FWIW I also added a temperature controlled 20mm fan to aid the cooling of the pi. Even with the big heatsink posted earlier in this thread, you can see the difference when the fan is activated.
I only used 4 components to make a fan controller that works with a python script to control the speed according to cpu temperature - so virtually noiseless in most circumstances.
Oh, I may have some news about this issue tomorrow as well....... (Queue suspence music from 1950's horror/scifi movie).....
-
You will be happy to know that this issue is now SOLVED!
Since installing the latest SNAPSHOT 1.4.0, all the problems associated with this have gone away.
Phew, what a little sod this problem has been, but we never gave up and all is well now.
Big thanks!
-
@skywatch Great! nice to hear this.
You may disable gateway(after some days) raw messageDEBUG
toINFO
, this log will keep growing. -
@jkandasa After nearly 4 full days without issue I have returned the settings as suggested.
Whilst I am very happy that it is back working again, I guess now we will never know what exactly caused the issue or if it is likely to happen again (to me or others).
For V2.0 you might like to think about a page in the settings area with radio buttons to set the 'INFO' / 'DEBUG' etc parameters. Would be easier, especially for people who are new to linux.
-
NOOOOoooooooooooo..........
Experiencing that the controller was not seemingly getting data reliably from some nodes, I tried to up the GW power from LOW to HIGH. I reflashed the GW last night and set it all back up.
This morning I find the spikes and ghost nodes are all back, along with long periods where node data is not presented on the dashboard.
I have now cleared the GW eeprom and reflashed again with LOW power, just to see what happens. I have rechecked all connections and will see how it goes.
If the issues continue I will re-enable all those DEBUG's and let you know.
-
Now I have USB-serial converter plugged into the pi.
I tested the GW by flashing debug on pro mini and connecting to laptop - all working well and data from sensors seen.
I reflash the GW without debug and connect to the usb-serial and power on pi.
When I access myc I can see the serial GW is up and running. I can see that it has nodes and sensors (maybe inherited from last serial gw?) - But, no data from anything but myagent.
All RF nodes are down. No amount of discover or refresh will show anything. I even deleted a few, but no sign yet that they will re-register.
I even tried swapping Tx/Rx on the usb to serial just in case they printed it wrong.
It made no difference.Is there something I have forgotten to (or didn't know I had to) do?
-
@skywatch Is your gateway up and running in MyController?
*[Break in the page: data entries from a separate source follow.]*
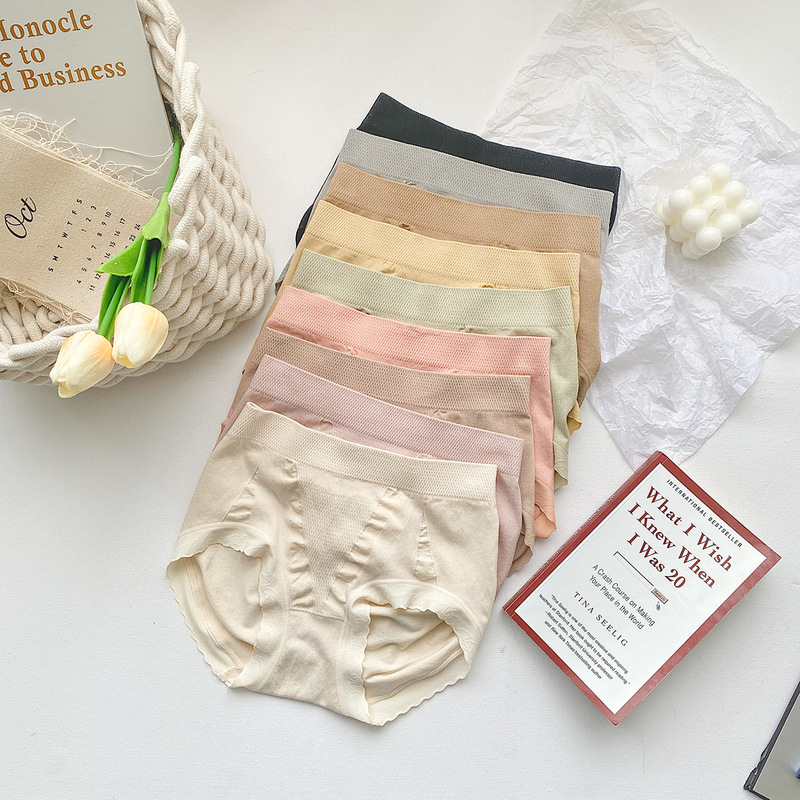 N8047 Belly tightening and hip lifting 3D peach butt seamless women's mid-waist underwear simple briefs 2021 autumn and winter new style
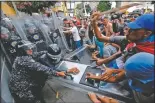  ?? (File Photo/AP/Ariana Cubillos) ?? Opposition protesters clash with police blocking their march March 10, 2020, in Caracas, Venezuela. U.S.backed Venezuelan political leader Juan Guaido was leading a march aimed at retaking the National Assembly legislativ­e building, which opposition lawmakers had been blocked from entering.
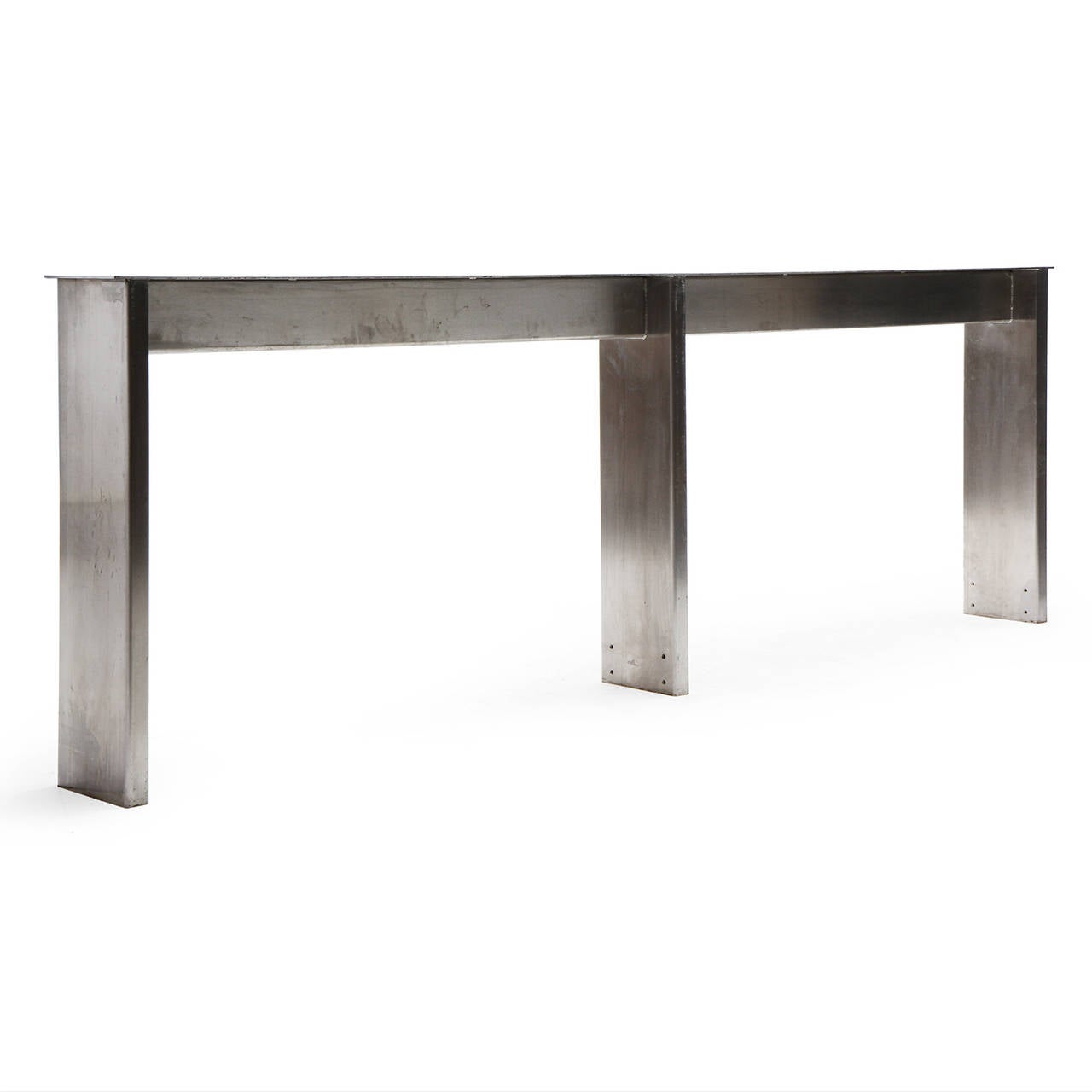 A masterfully fabricated, architectural and generously scaled rectilinear polished steel long and low table from New York's Yankee Stadium.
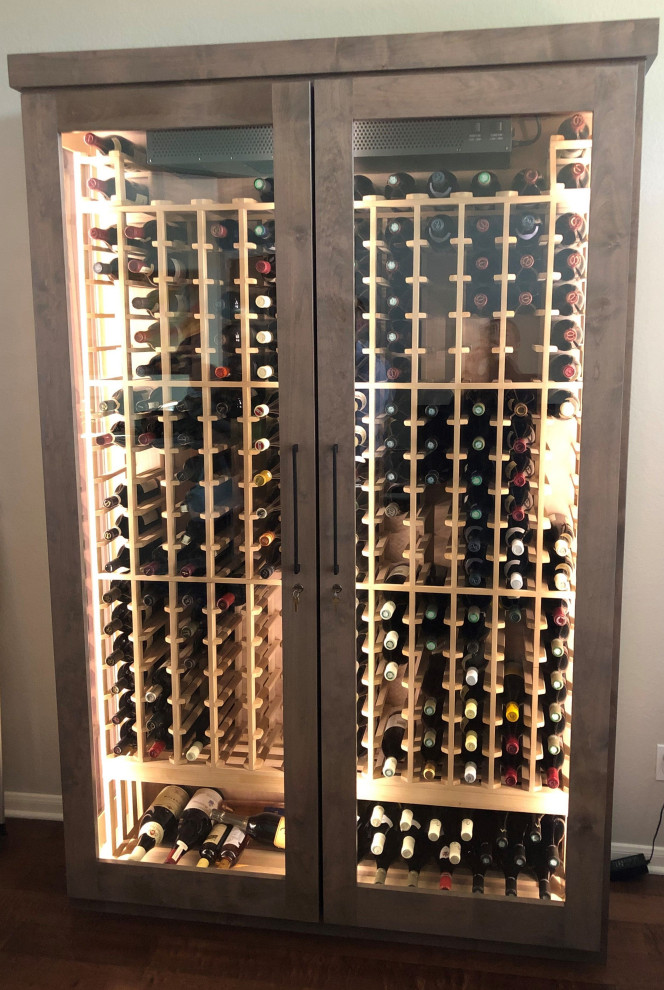 Design ideas for a mid-sized modern wine cellar in Raleigh with dark hardwood floors, storage racks and brown floor.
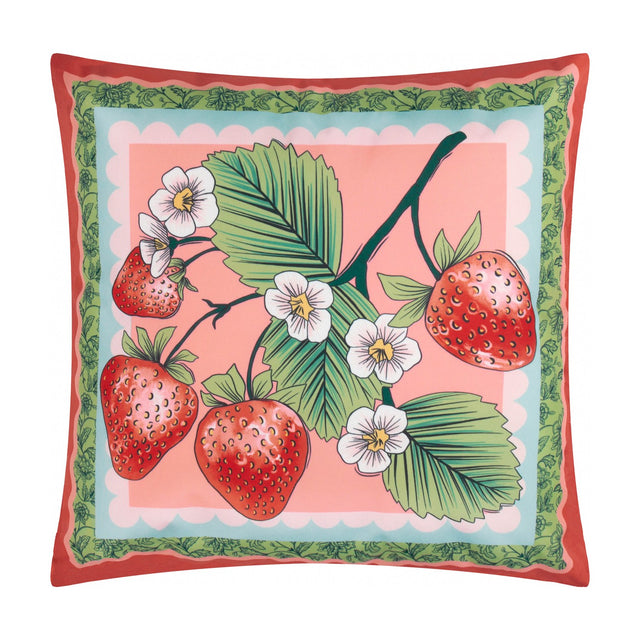 Square reversible polyester cushion with red piping, coral-pink face printed with strawberries, white flowers and leaves within a scalloped green border, on a white background.
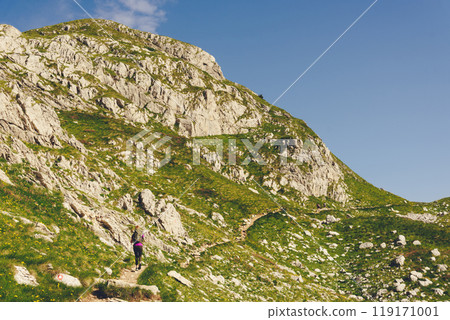 Young Woman Hiking Alone in Summer Mountains Young Woman Hiking Alone in Summer Mountains 119171001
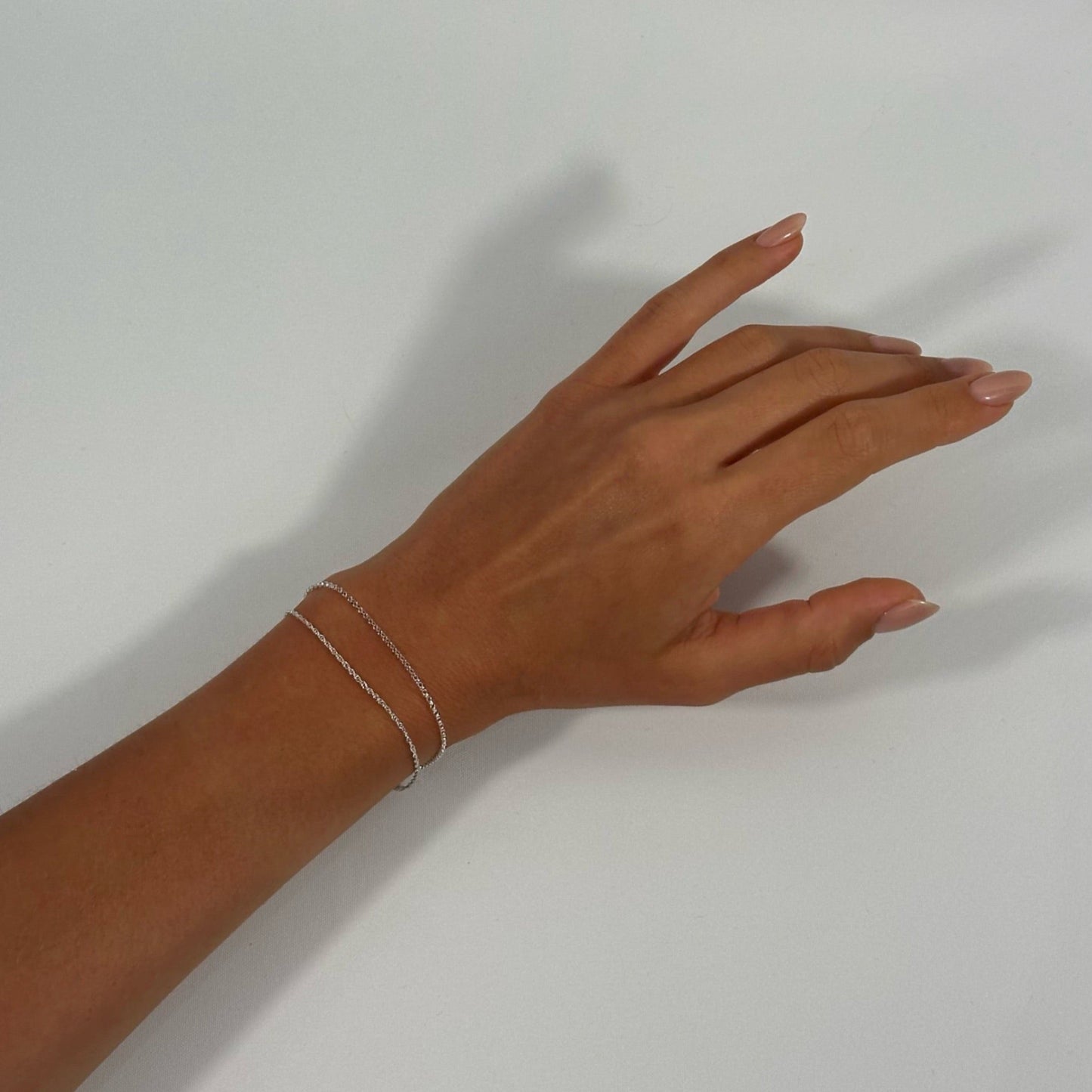 lady wearing sterling silver classic fine rope rolo chain bracelets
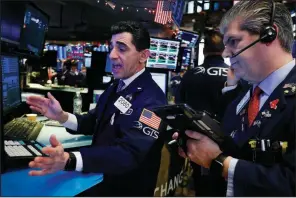  ?? AP/RICHARD DREW ?? Specialist Peter Mazza (left) and trader John Panin work Thursday on the floor of the New York Stock Exchange.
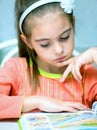 Young girl reading book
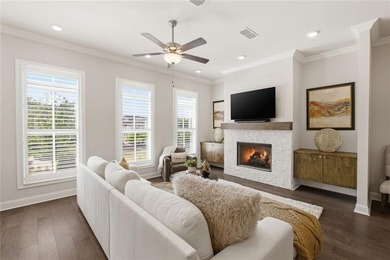 Elevated Living in Gated Waterside | Rare 3-Story Townhome with - photo 10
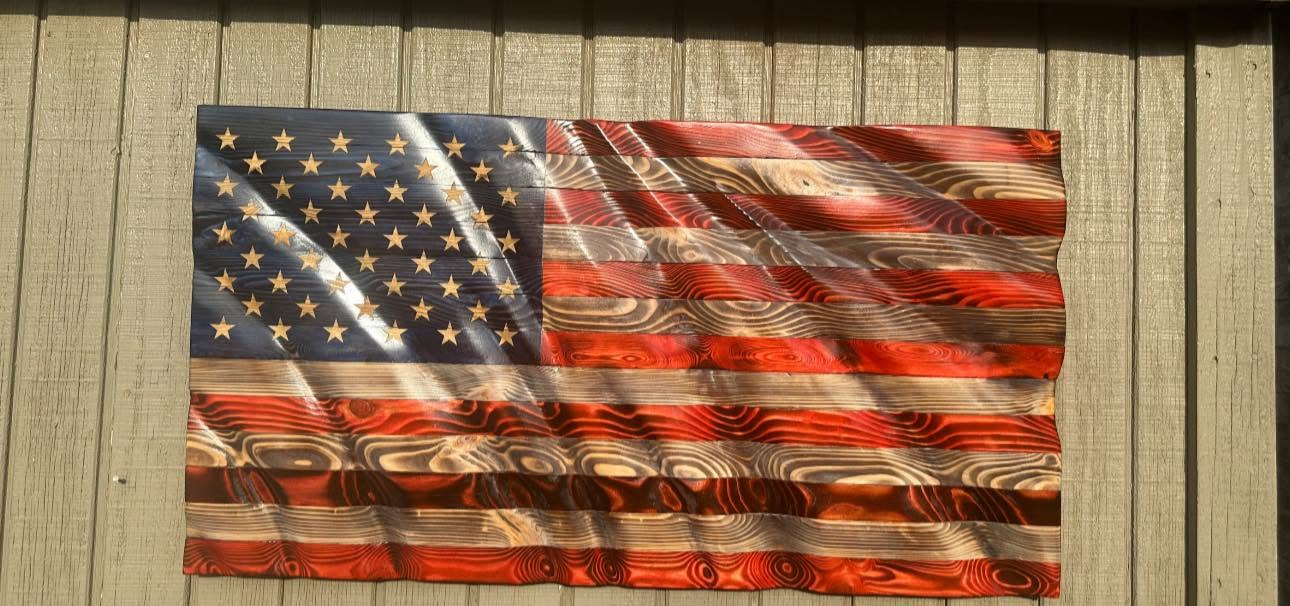 Custom wooden American flag in sunlight, rippled like it's waving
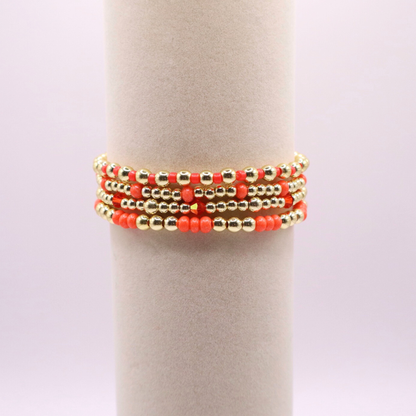 Stack of handmade stretch bracelets featuring vibrant coral Preciosa seed beads, faceted crystal accents, and polished gold-tone hematite beads on a clean white background.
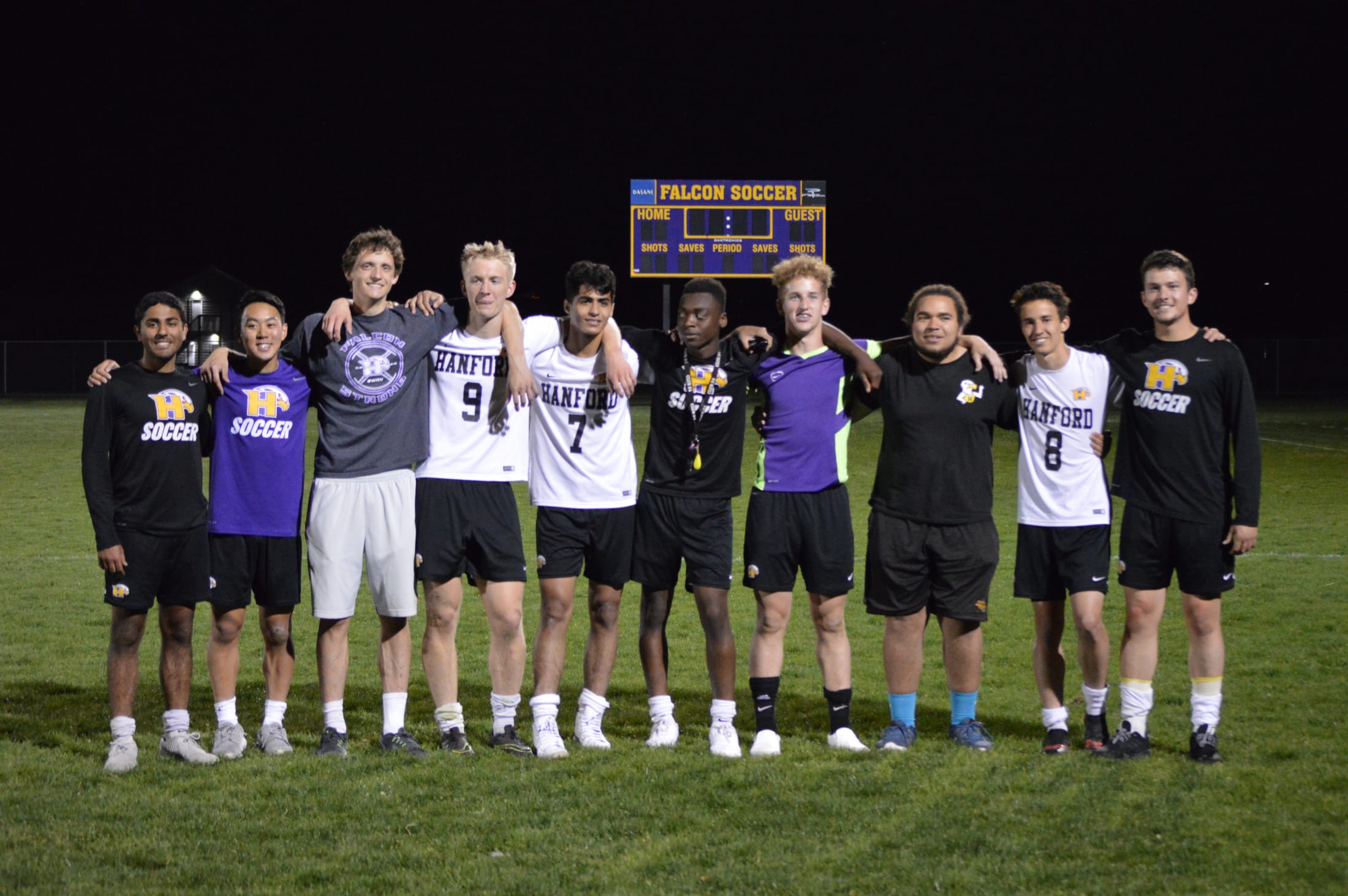 A group of young athletes, both male and female, standing together on a sports field at night, with a scoreboard visible in the background.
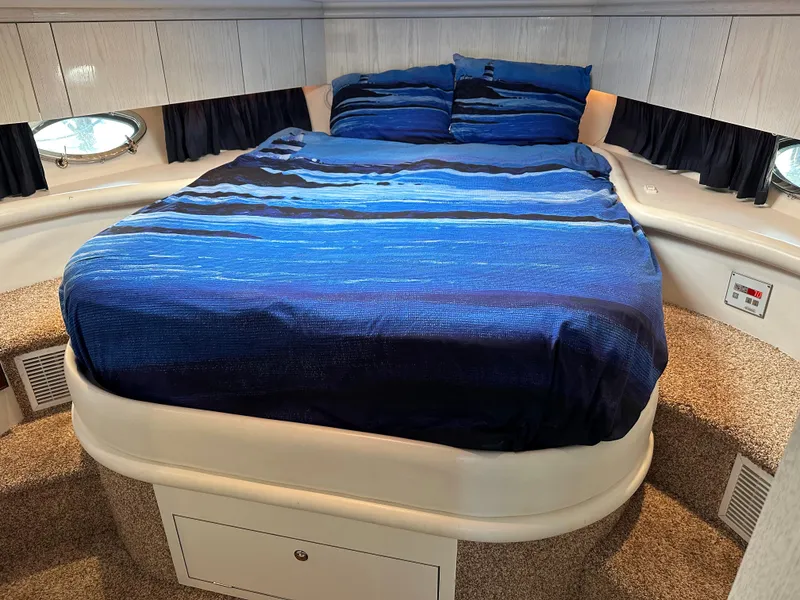 Slide: The Image of Luxurious 1997 Sunseeker Camargue yacht bedroom with blue bedding and elegant design. - 10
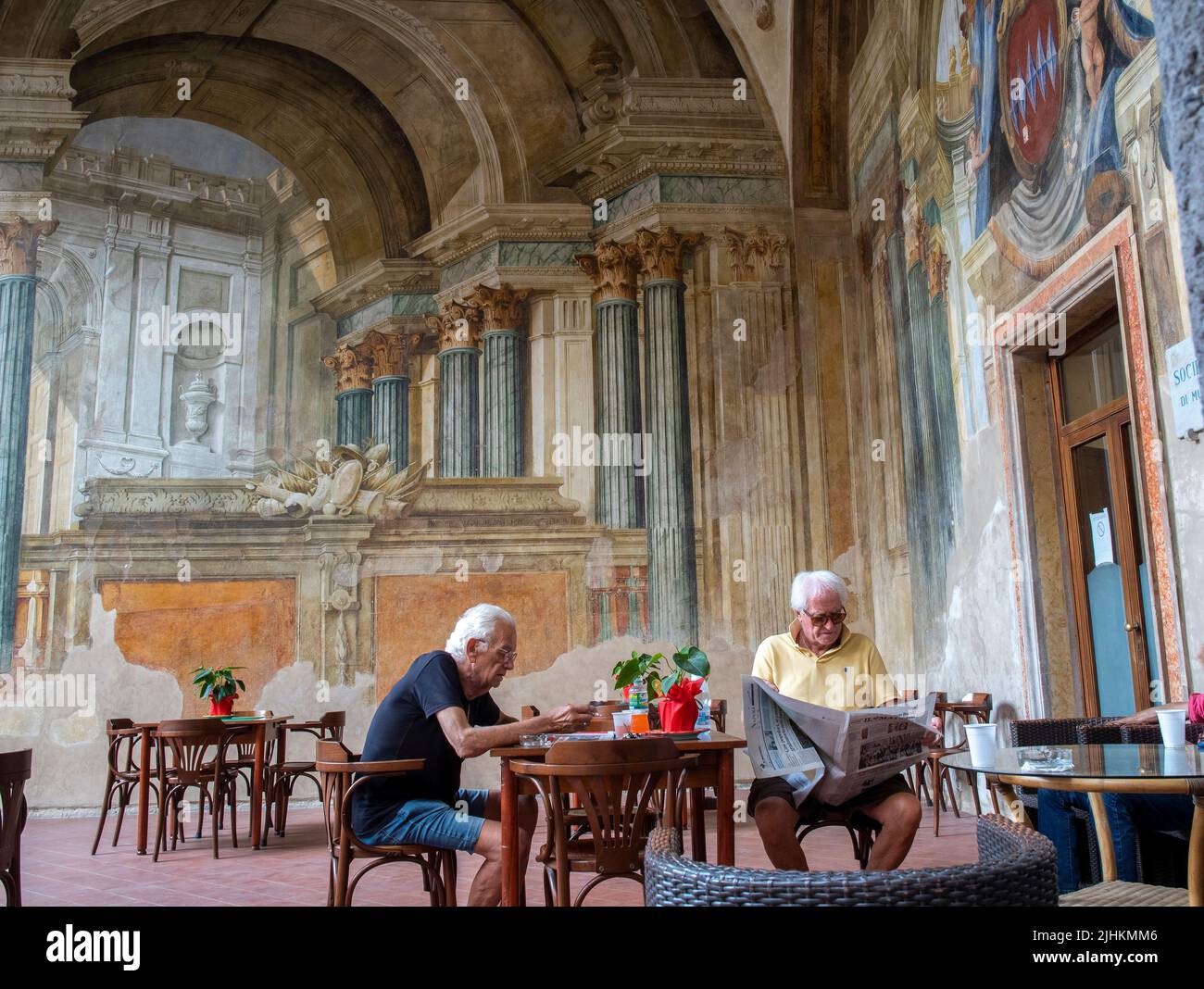 Italienische Herren entspannen sich in Sedile Dominova, einem historischen Gebäude mit Originalfresken, das jetzt als funktionstüchtiger Männerclub dient, in Sorrento, Italien. Stockfoto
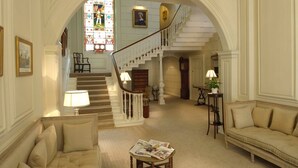 A spacious living room with a staircase leading to a second floor, a comfortable sofa, a small table with magazines, and a decorative stained glass window. - Eshott Hall (Morpeth)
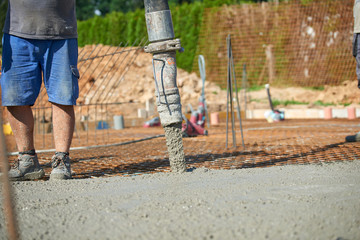 Concrete pouring during commercial concreting floors of building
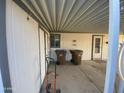 Side view of the mobile home's covered patio at 3721 N Illinois Ave, Florence, AZ 85132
Can you show your gateway settings in MyController and Gateway Sketch?
-
@jkandasa Sure thing!
GW code is.....
// Enable and select radio type attached #define MY_RADIO_NRF24 #define MY_RF24_CHANNEL (97) #define MY_RF24_PA_LEVEL RF24_PA_LOW #define MY_GATEWAY_SERIAL #define MY_DEFAULT_LED_BLINK_PERIOD 300 #include <MySensors.h> void setup() { // Setup locally attached sensors } void presentation() { // Present locally attached sensors } void loop() { // Send locally attached sensor data here }
And GW settings in myc are.....
And...
Results in
-
@skywatch All looks good. What about
Node 0
(gateway node) status?
Also, runls -lh /dev/ttyUSB*
in your RPI.Irevelent to this issue: You may disable
Stream ack enabled
, this will speed up your OTA update.